EXERCISE REQUIREMENTS> Quote exactly the lines from the one with "this 640×480 image." to the end of the data, both included; omit the pictures.

-*-

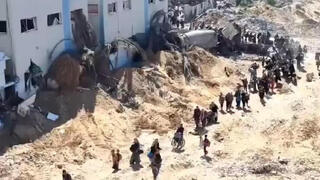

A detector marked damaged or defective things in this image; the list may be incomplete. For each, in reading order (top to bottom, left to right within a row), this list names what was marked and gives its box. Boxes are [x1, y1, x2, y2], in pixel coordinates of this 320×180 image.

broken window [20, 16, 36, 32]
damaged building [0, 0, 89, 101]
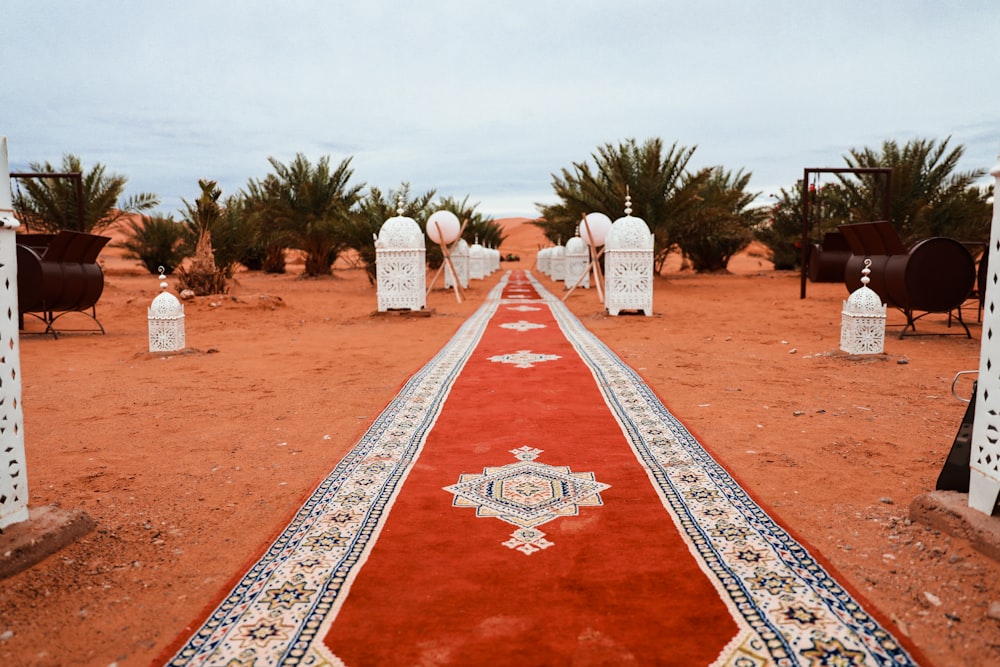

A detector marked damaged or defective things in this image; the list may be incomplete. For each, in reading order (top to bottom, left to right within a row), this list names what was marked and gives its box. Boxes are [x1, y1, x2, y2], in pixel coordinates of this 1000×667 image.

rusted metal drum [844, 237, 976, 314]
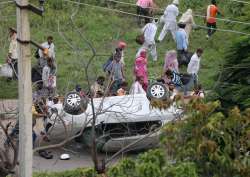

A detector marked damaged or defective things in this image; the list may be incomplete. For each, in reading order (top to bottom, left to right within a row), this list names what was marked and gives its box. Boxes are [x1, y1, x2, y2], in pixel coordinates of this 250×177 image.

overturned car [48, 83, 182, 152]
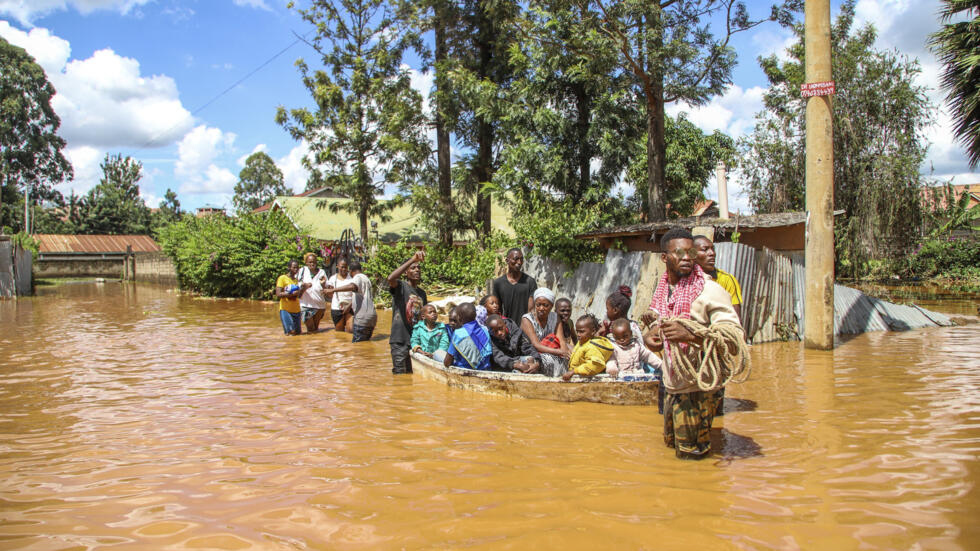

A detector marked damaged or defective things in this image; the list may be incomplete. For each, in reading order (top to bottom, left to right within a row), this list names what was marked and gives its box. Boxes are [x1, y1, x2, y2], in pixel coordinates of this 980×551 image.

rusty metal roof [34, 236, 161, 256]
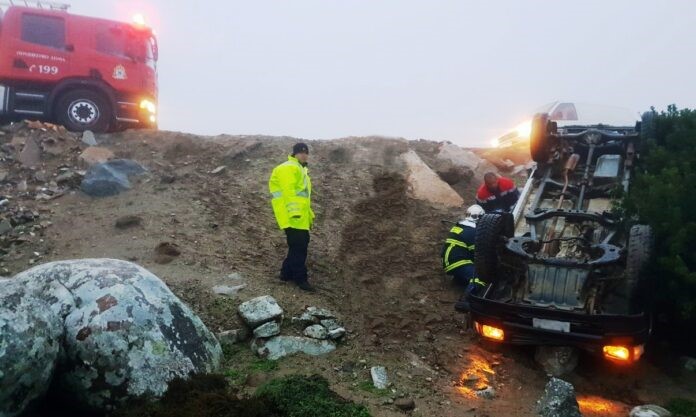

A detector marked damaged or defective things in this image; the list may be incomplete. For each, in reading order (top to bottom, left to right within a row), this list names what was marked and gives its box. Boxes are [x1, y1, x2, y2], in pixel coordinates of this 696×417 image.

overturned vehicle [470, 108, 656, 364]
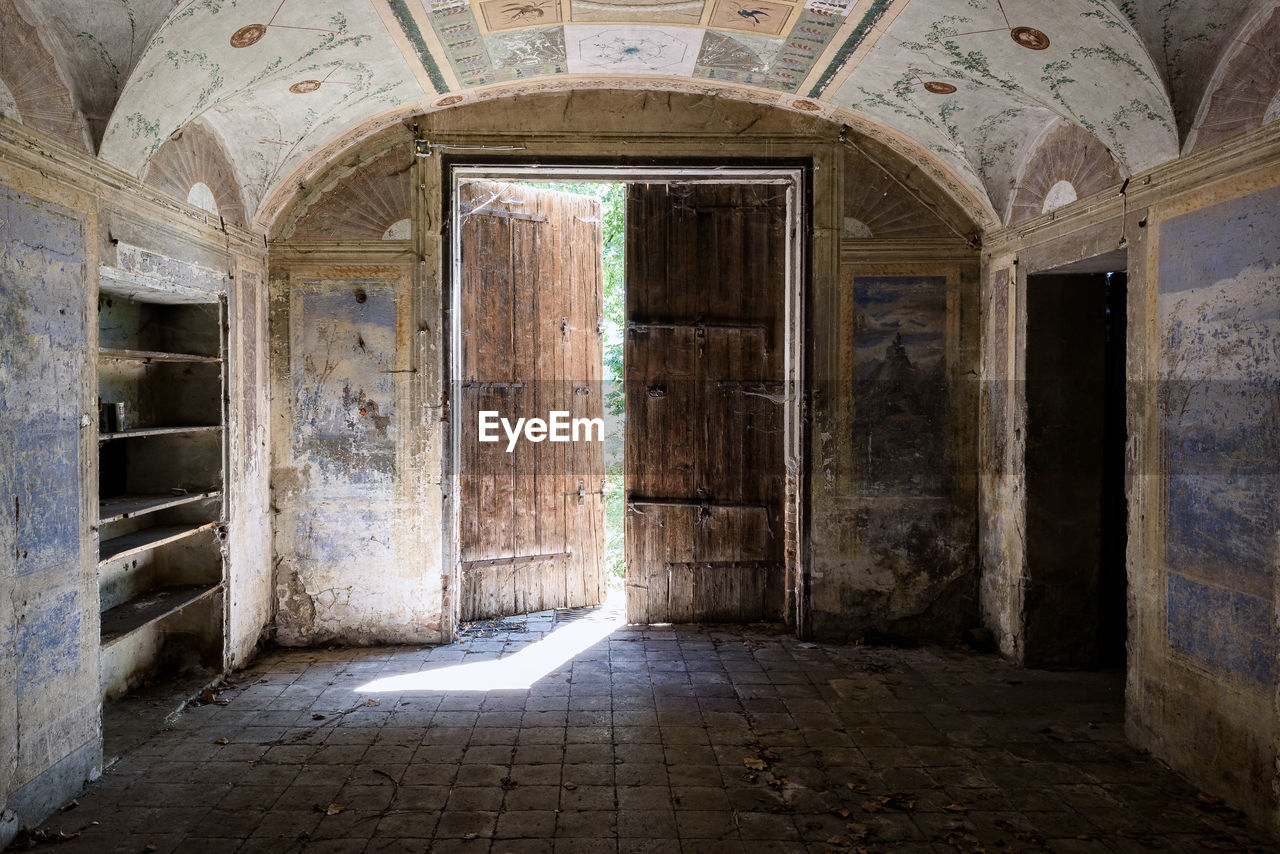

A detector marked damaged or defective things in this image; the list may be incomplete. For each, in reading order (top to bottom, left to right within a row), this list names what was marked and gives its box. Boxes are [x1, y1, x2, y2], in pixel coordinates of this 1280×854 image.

peeling plaster wall [0, 117, 270, 839]
peeling plaster wall [264, 90, 972, 645]
peeling plaster wall [977, 123, 1280, 829]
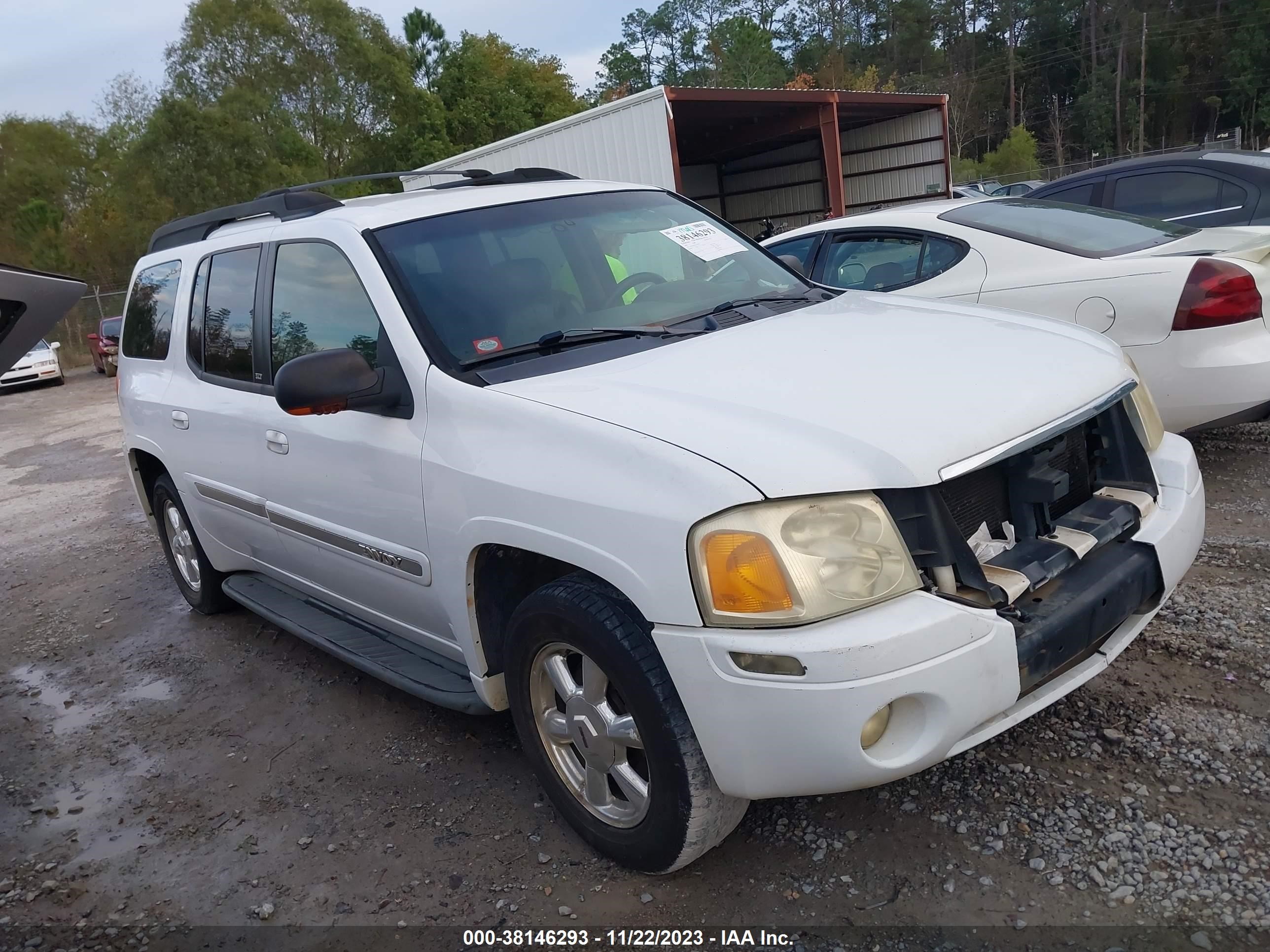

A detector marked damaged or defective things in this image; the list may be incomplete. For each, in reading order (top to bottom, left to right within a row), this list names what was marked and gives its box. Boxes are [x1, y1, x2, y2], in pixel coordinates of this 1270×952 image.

damaged front bumper [645, 437, 1199, 802]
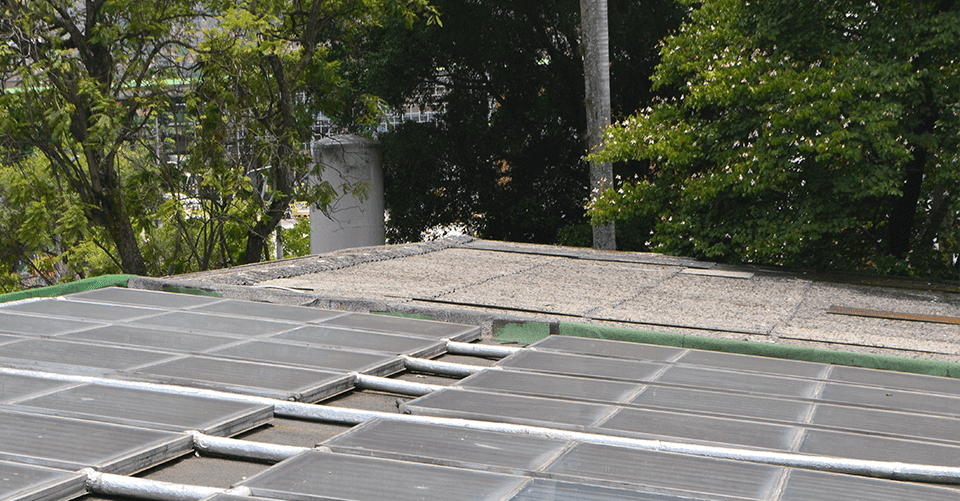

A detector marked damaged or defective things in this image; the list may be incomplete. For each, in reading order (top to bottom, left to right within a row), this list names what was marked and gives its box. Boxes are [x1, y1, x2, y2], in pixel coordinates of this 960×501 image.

rust stain on metal [824, 304, 960, 324]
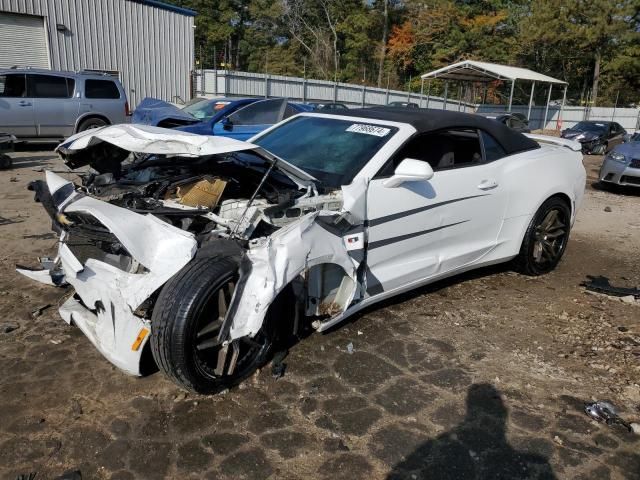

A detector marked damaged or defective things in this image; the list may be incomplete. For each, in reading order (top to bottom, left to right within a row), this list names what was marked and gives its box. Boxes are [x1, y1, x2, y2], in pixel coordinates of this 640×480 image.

crumpled bumper [17, 172, 198, 376]
damaged hood [129, 97, 198, 125]
damaged hood [57, 124, 318, 189]
wrecked white camaro [20, 110, 588, 392]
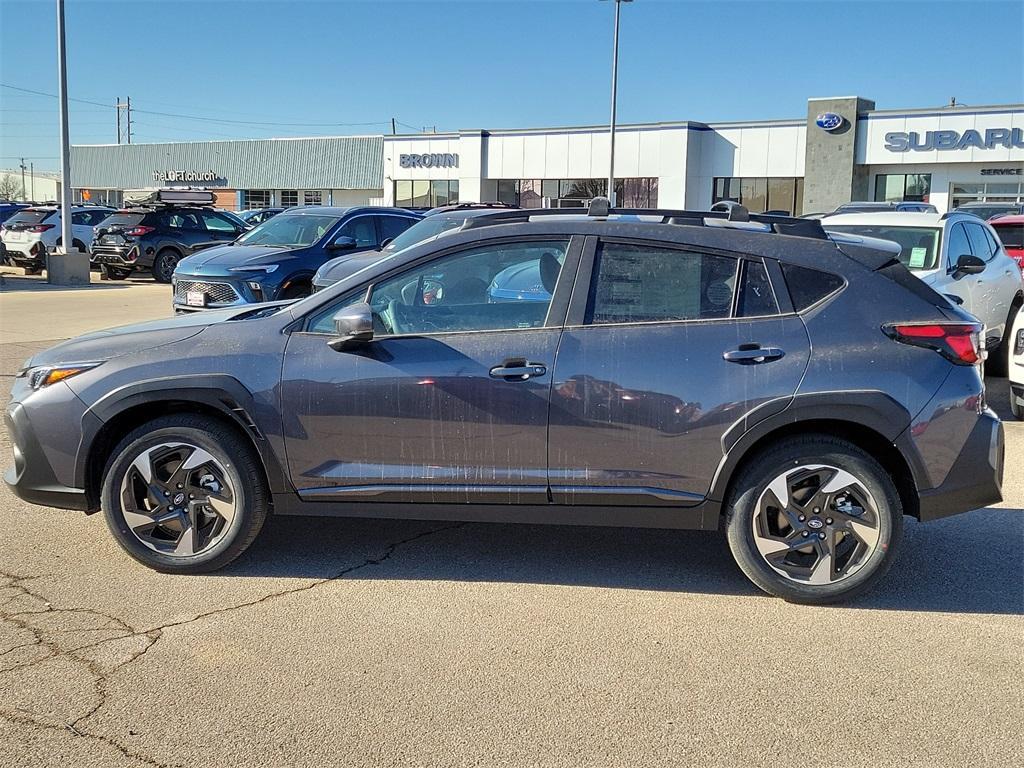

-*-

SOLVED PROBLEM>
A detector marked damaged or defective things in this image; the list may be incomplete. For each, in reading order (top to bottom, left to right within a row), this list names what was marked and gives its box. Boxes are [x1, y1, x2, y2], in pixel coordinates of this 640×480 image.

crumpled bumper [17, 172, 198, 376]
damaged hood [129, 97, 198, 125]
damaged hood [57, 124, 318, 189]
wrecked white camaro [20, 110, 588, 392]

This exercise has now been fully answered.